Re: Initial patch for file suffix acl

From: Robert Collins <robertc@dont-contact.us>
Date: Tue, 04 Mar 2008 04:37:43 +1100

On Mon, 2008-03-03 at 14:31 -0300, Lucas Brasilino wrote:
> Hi Robert:
>
> >
> > Its probably better to do this as a combined regex:
> >
> > acl file_suffix exts .foo .bar .baz
> >
> > creating a regexp based acl .*(\.foo|\.bar|\.baz)$
> >
> > any decent regexp engine will be better at this than your linear search.
>
> Do you think compiling a regex (ok, it's made once) and matching it to
> an url (maybe _huges_ urls, maybe many hundreds times per second) are
> cheapper than this file_suffix implementation ?

for sure. you have a linear scan, comparing all suffixes on all urls.

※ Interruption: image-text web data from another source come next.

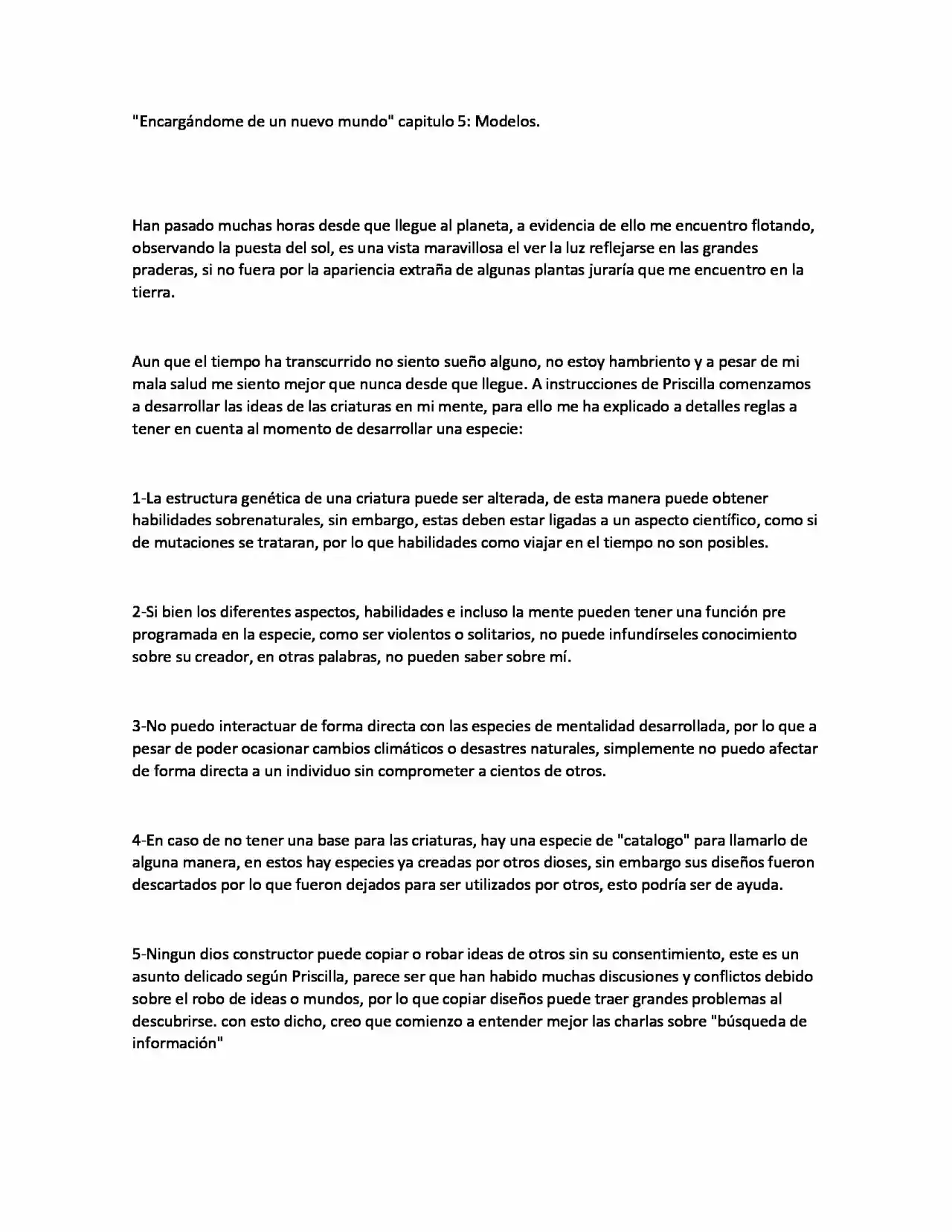 Encargandome De Otro Mundo. (Novela) - Capítulo 5 - Página 1 - LectorTMOo
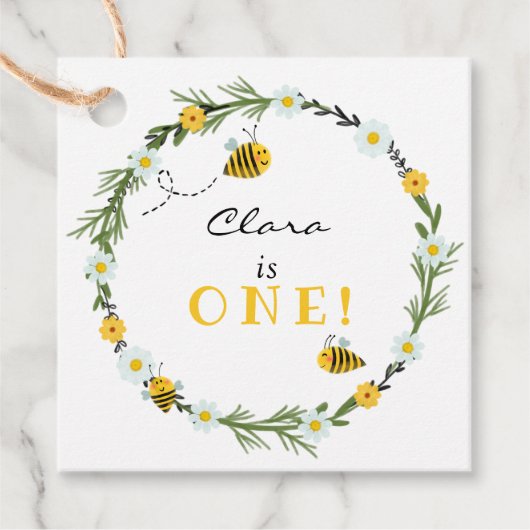 Bee Birthday Bedankjes Labels (Voorkant)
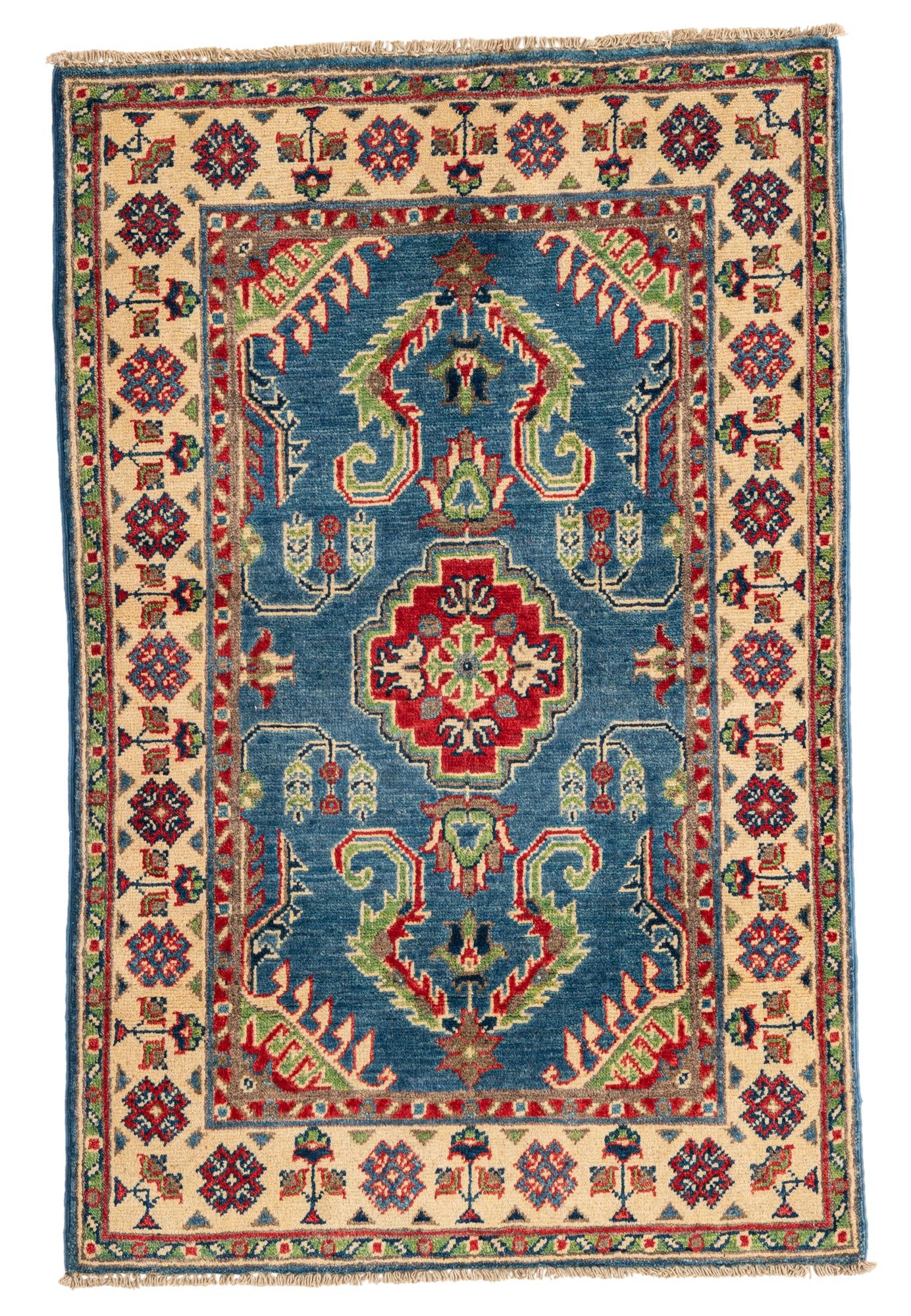 2' 8 x 4' 2 Hand Knotted Kazak Rug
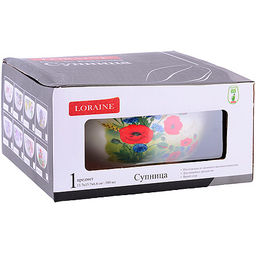 60273 Супница керамическая 580мл Цветущие Маки доломит LR (х36) - Mayer&boch фото 4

if you assume a normal distribution, of the urls that fail, you will
have compared all extensions
and urls that match you will have compared 50% of the extensions on
average

checking a single extension requires checking (say) 4 characters
if you have 20 extensions, thats 40 char checks (plus the memory hit to
get the list)

the same 20 extensions, with a good regex compiler should boil down to a
single check for '.' at offset -4, then a single check for the number of
unique next letters etc. basically a perfect tree rather than linear
scan.

-Rob

-- 
GPG key available at: <http://www.robertcollins.net/keys.txt>.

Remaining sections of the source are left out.